I never really had an interest in the case until circumstance drew me in. On my honeymoon, we went to Washington DC on a whim. We visited the Capitol, the Washington Monument (which looks down on the baseball field where the "Day The Earth Stood Still" landed their flying saucer}, and ultimately we went to see Arlington Cemetery on the advice of some we met.
There I saw the Kennedy gravesite all covered in a marble memorial engraved with his many quotes. After that, I found myself paying attention to these many documentaries that pretended to present evidence for your consideration as if you might figure it out.
Fast forward about 20 years and I end up in Dallas/Fort Worth for training for work and I convince my travel partner and driver to go to Dealy Plaza.
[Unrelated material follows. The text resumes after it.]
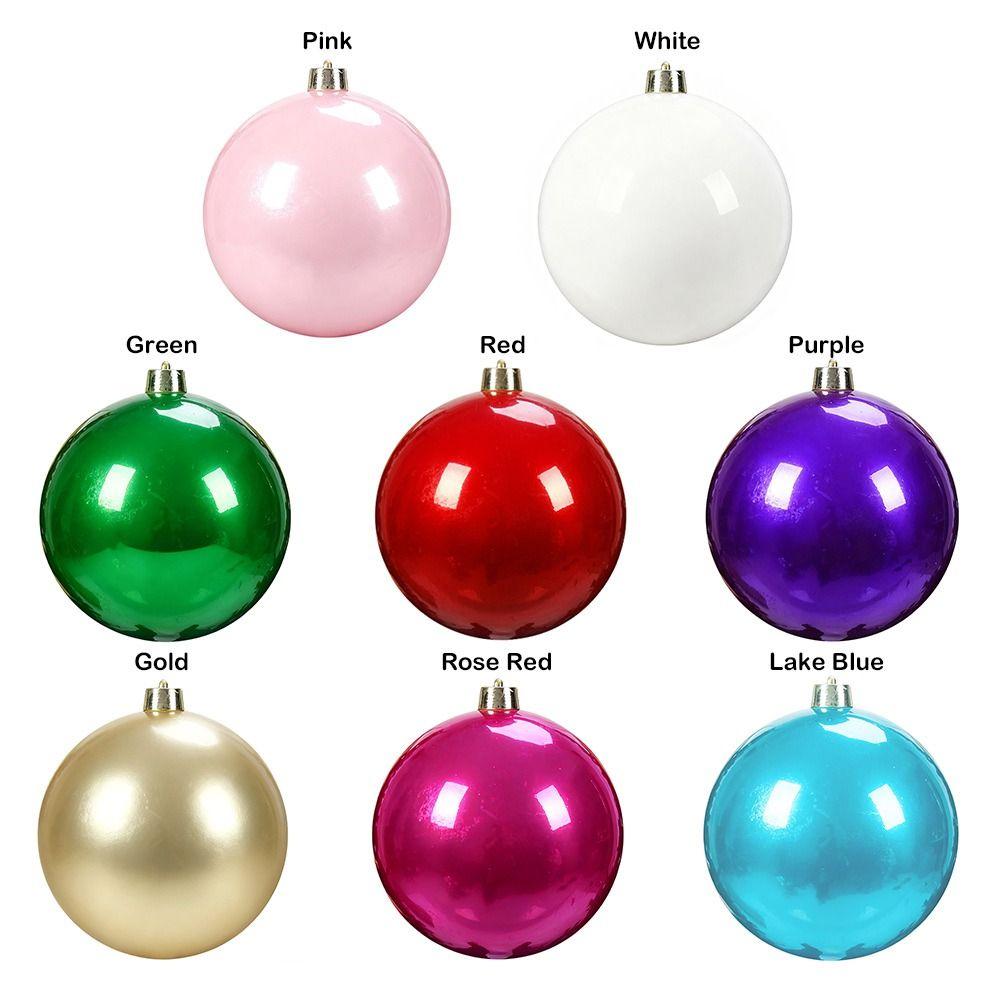 Big Plastic Pearlescent Ball Pearlescent Ball Shape Christmas Ball 15CM Xmas Baubles Shopping Mall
I don't know what I expected. The documentaries analyzed Dealy Plaza from every conceivable angle. And like I said, you think that's some way of solving the mystery. But when you stand there, you get nothing. Just an empty and sad feeling that people were able to murder the President in front of the whole county and get away with it.
But it completed my tour of President Kennedy from grave to crime site.
Then I recently watched the interview with the guy who claims to have been a shooter from the grassy knoll. As he talked about that day in Dallas, you realize that it's no mystery at all what happened. The Zapruder film showed us all what happened.
By the time the lengthy interview with the shooter was over, you had the creepiest feeling because the story was told by a cold blooded killer who saw what he did as just a job to be done. It's scary to hear how freely a group of killers and others moved about Dallas in the time leading up to the killing.